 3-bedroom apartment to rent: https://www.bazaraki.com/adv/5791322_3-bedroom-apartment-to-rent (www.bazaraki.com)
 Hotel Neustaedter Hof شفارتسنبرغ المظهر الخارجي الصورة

□ □ □ □ □

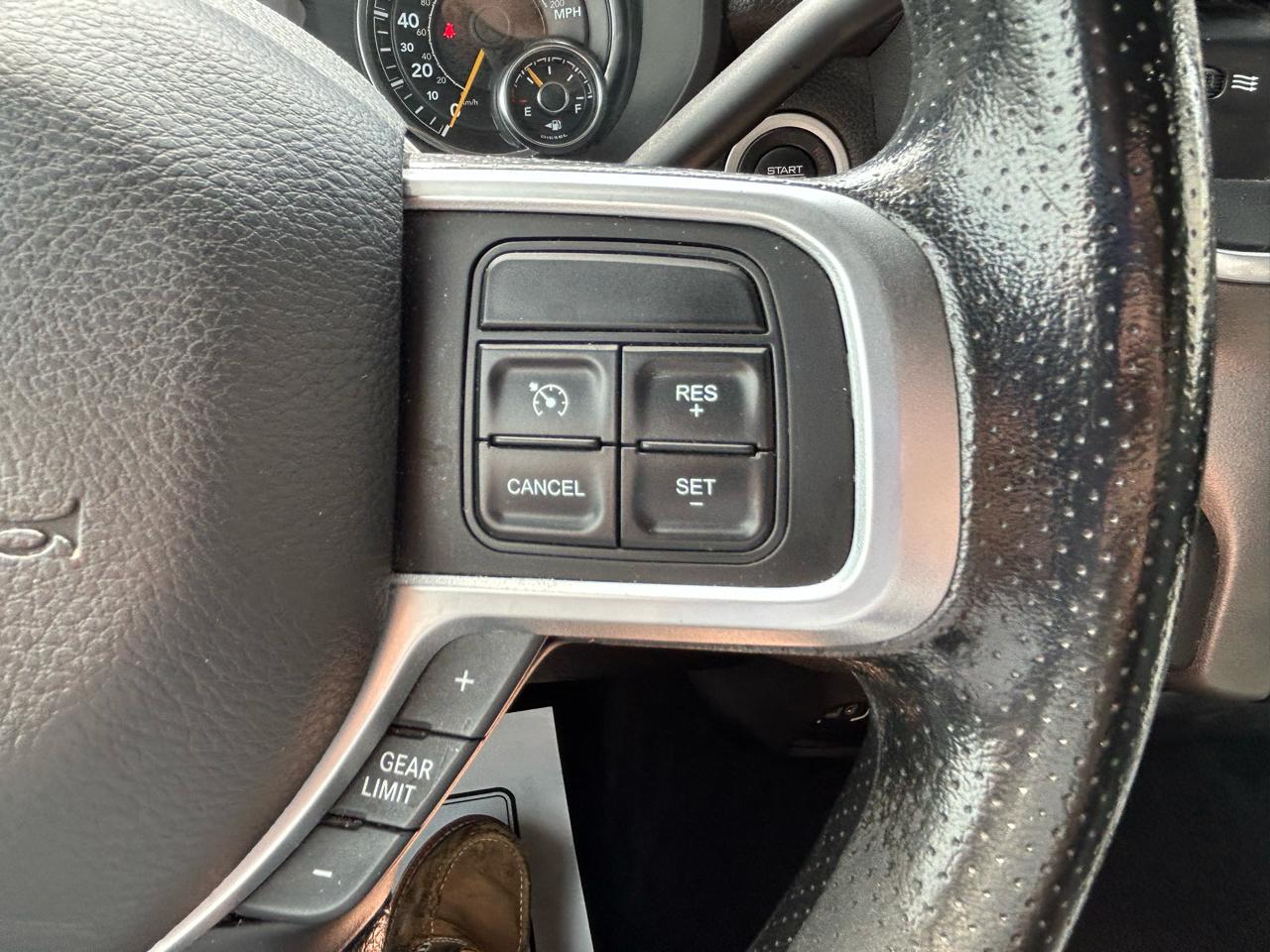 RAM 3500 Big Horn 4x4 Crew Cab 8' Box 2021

□ □ □ □ □

When you reach the line containing "3-bedroom apartment to" in the data above, start copying exactly, and stop after the line containing "Hotel Neustaedter Hof".

 3-bedroom apartment to rent: https://www.bazaraki.com/adv/5791322_3-bedroom-apartment-to-rent (www.bazaraki.com)
 Hotel Neustaedter Hof شفارتسنبرغ المظهر الخارجي الصورة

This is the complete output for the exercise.